Some dealers felt the board was cutting down on outside stock on general principles: the less stock out there, the higher the value of what the foundation still owned. Others worried that the board was making decisions based on quality. “Lets say you have two Marilyns, and one is in better condition,” hypothesized one dealer. “So they’ll say, ‘We’ll authenticate this one, but not that one.’ But that’s not their position to take.”

Dealers became accustomed to having the board deny paintings from well-known series that Fremont, or Hughes, or both, had authenticated on behalf of the estate in the late 1980s or early 1990s. The Karp double-panel self-portrait was a perfect example. In cases like this, dealers wondered if the board had new information, or was quietly correcting misjudgments made by Fremont and Hughes. But how to explain when the board reversed its own rulings, going from A to B - within months?

One dealer submitted two silkscreened paintings to the board and had both approved. “Three months later I sold the first painting for about $300,000. After a few months I consigned the second to Christie’s.” To the dealer’s mystification, Christie’s kept the painting awhile, then returned it without explanation. “Then I consigned it to Sotheby’s. After 15 days, they said they didn’t want to deal with it. It turned out that the authentication board had faxed both Christie’s and Sotheby’s to say that the painting was fake . . . less than a year after they gave it an A rating.”

One dealer passed on to Vanity Fair a letter written by the board’s lawyer, Ronald Spencer, to a New York Gallery owner. In the letter, Spencer called attention to a work being exhibited in a show of Warhol paintings and drawings. Spencer acknowledged that the board had given that work an A, but then informed the gallery owner, “A little more that thirteen months thereafter . . . the authentication board wrote the [painting’s] owner ot advise that the authentication board’s opinion had changed by reason of circumstances coming to its attention.” Now the work was “not by Andy Warhol,” Spencer advised, and it’s a should be immediately changed to a B.

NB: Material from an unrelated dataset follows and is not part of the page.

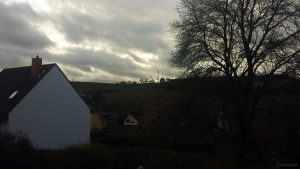 Wetterbild aus Eisingen vom 9. Dezember 2019 um 13:49 Uhr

One well-known New York dealer recounts getting an unsolicited letter recently from the authentication board about a Warhol painting the dealer had bought in the 1980s and kept in her personal collection. The letter advised that the painting had been overlooked in the first volume of the catalogue raisonné. “However, if I wanted to resubmit, I was welcome to do that,” the dealer recounts. “The next thing I knew, the painting was stamped DENIED on top of Fred Hughes authentication!

“The value isn’t the point,” says the outraged dealer. “The point is that I made a purchase based on the green light that Fred gave me. Fred was the only person at that point who could authenticate it. Sixteen years later, to be told that it’s a fake - It’s just not acceptable. I want them to be deposed, but more than that, I can’t say. I’ll leave it to my lawyer.”

In the gossipy world of art dealers, no one heard of such rude surprises happening to the long-established inner circle of major Warhol dealers - Larry Gagosian (with galleries in New York, Los Angeles and London), Zurich’s Bruno Bischofberger, et al. (In Gagosian’s case, that’s because, as a gallery spokesperson says, Gagosian didn’t feel the need to submit painting with a clear provenance for review. Bischofberger could not be reached for comment.) And so charger of favoritism arose, charger which one dealer outside the circle decided to put to the test. He bought a Flower painting in Italy, he says, and paid $120,000 for it - “today it would be worth $500,000” - on the condition that the board approve it. He bought it back to New York and submitted it; it was returned with a B rating. So the dealer showed the painting to a more powerful dealer in New York, one who has frequent dealings with the estate. The second dealer agreed it was real, and offered to become a half-owner of it for $60,000. The painting was then submitted under the second dealer’s name.